Bourdon House is a Grade II* listed building in Mayfair, London, at the junction of Davies Street and Bourdon Street.

The house is believed to be named after Captain William Bourdon, described as the Justice of the Peace for Middlesex, though this name does not appear in any contemporary military records. It was surveyed by Thomas Barlow, and constructed between 1723 and 1725. The house was extended northwards around 1737. There were originally two stories and an attic, with a further storey added around 1760. Much of the house's interior dates from this period.

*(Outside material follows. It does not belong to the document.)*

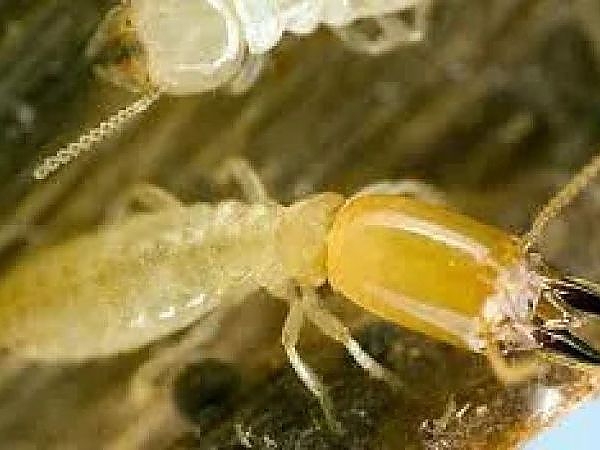 Close-up of a termite in a pest-free home in Schaumburg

Bourdon lived in the house until 1727, after which it was occupied by Bacon Morris, Governor of the Landguard Fort, Suffolk. The politician and officer Timothy Caswall lived in Bourdon House from 1764 to 1767, then from 1772 until his death in 1802. Subsequently, his daughter lived there until her death in 1830.

The house was renovated in the 1860s and 1870s, including the addition of a fourth storey. A wing to the east of the premises was constructed in the early 20th century. The last private residents were Hugh Grosvenor, 2nd Duke of Westminster, who lived there from 1917 until his death in 1953, and his fourth wife, Anne Grosvenor, Duchess of Westminster who moved out in 1957. The Duke held a particular affinity for the house, which he preferred as a residence over Grosvenor House. Following the Duchess' departure, it became used for commercial purposes, initially as an antique shop.

The property was listed in 1958.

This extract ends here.